What causes Menstrual Migraine?

The female body consists of two important hormones: Progesterone and Estrogen. Throughout the month, the levels of these hormones fluctuate in relation with each other. If this balance is slightly off for what your body requires, then you may have uncomfortable physical symptoms such as PMS, breast tenderness, headaches and even migraine attacks. Hence, Menstrual Migraine occurs when the body experience a hormonal imbalance in the week before menses.

Usually, women who have a history of hormone fluctuations are at a higher risk of experiencing this condition. Birth control pills can also play a role in aggravating these attacks. For three weeks of the month, these pills keep your hormones in check. But in the fourth week, when you don’t take any pills at all, your estrogen levels can plummet, causing intense headache.

It is advisable to keep a note of your Migraine attacks and your menstruation dates for at least three months to determine if they really are triggered by your hormones.

 

How can this be treated?

Menstrual Migraines do not have a specific treatment, but they can be managed with the right combination of medicines, alternative therapies and hormone-related strategies.  A few of these include:

- Dietary changes

Avoid foods laced with chemicals like MSG that could result in hormonal imbalance. Also avoid simple carbohydrates, refined sugar and processed foods. Also, pay attention to hydration! Drink lots of water.

- Lifestyle factors

Maintaining a strict sleep routine is vital in controlling migraine. You must get at least 8 hours of uninterrupted sleep every day. Regular exercise is also very important as it regulates your hormones and promotes healthy metabolism. But if exercise acts as a trigger to your migraine, take it slow.

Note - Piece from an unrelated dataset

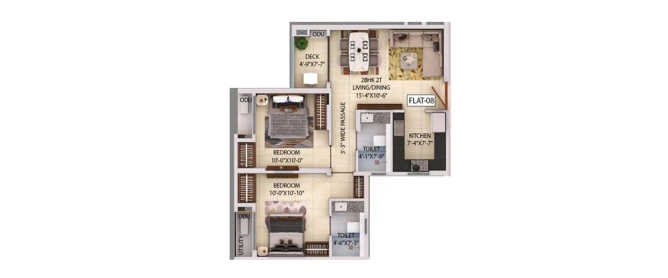 Srijan Optima Rajarhat - Floor plan 2 BHK 1106 Sq.ft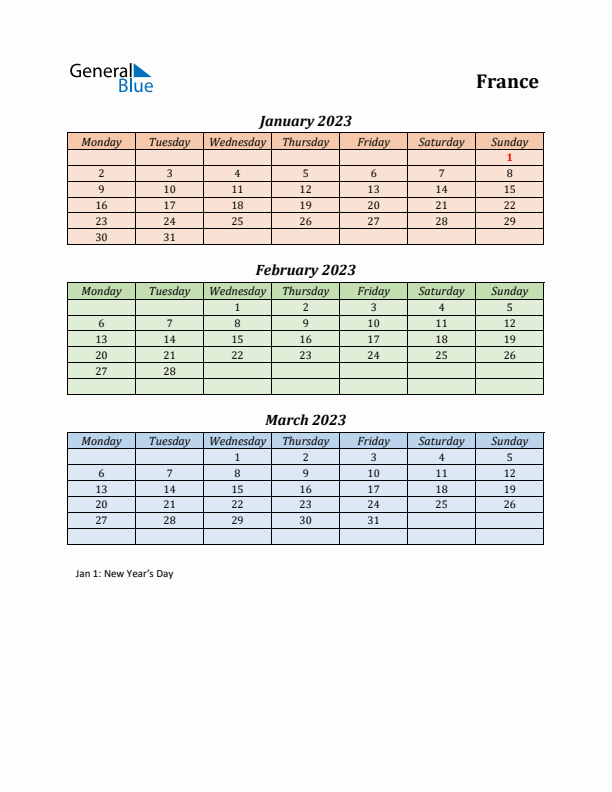 Q1 2023 Holiday Calendar - France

- Preventative Migraine Treatments

Both medicinal and non-medicinal treatments can help prevent this condition. Magnesium supplements are believed to be helpful in treating these migraines since a drop in the levels of magnesium could result in migraines. Stress can also be an aggravator in migraines. Hence, stress-reduction exercises, lowering your consumption of Alchohol and Nicotine are advisable. Consult a physician to find the best way of preventative treatments basis your symptoms.

-Medicinal option

Prescribed Triptans and /NSAIDs (non steroidal anti inflammatory) like Ibuprofen, Naproxen etc. can help curb the symptoms and offer relief. If your diet is not vitamin-rich, taking over-the-counter vitamin supplements can also prove beneficial in offering relief.

  

In conclusion, Menstrual Migraines should not be taken lightly. But before you start treatment, identify that the trigger really is your menstrual cycle. Keep a diary of your dates and attacks. Maintain a healthy diet, exercise regularly and get adequate amount of sleep. And drink lots of water. If in three months your symptoms remain constant, consult a Gynecologist.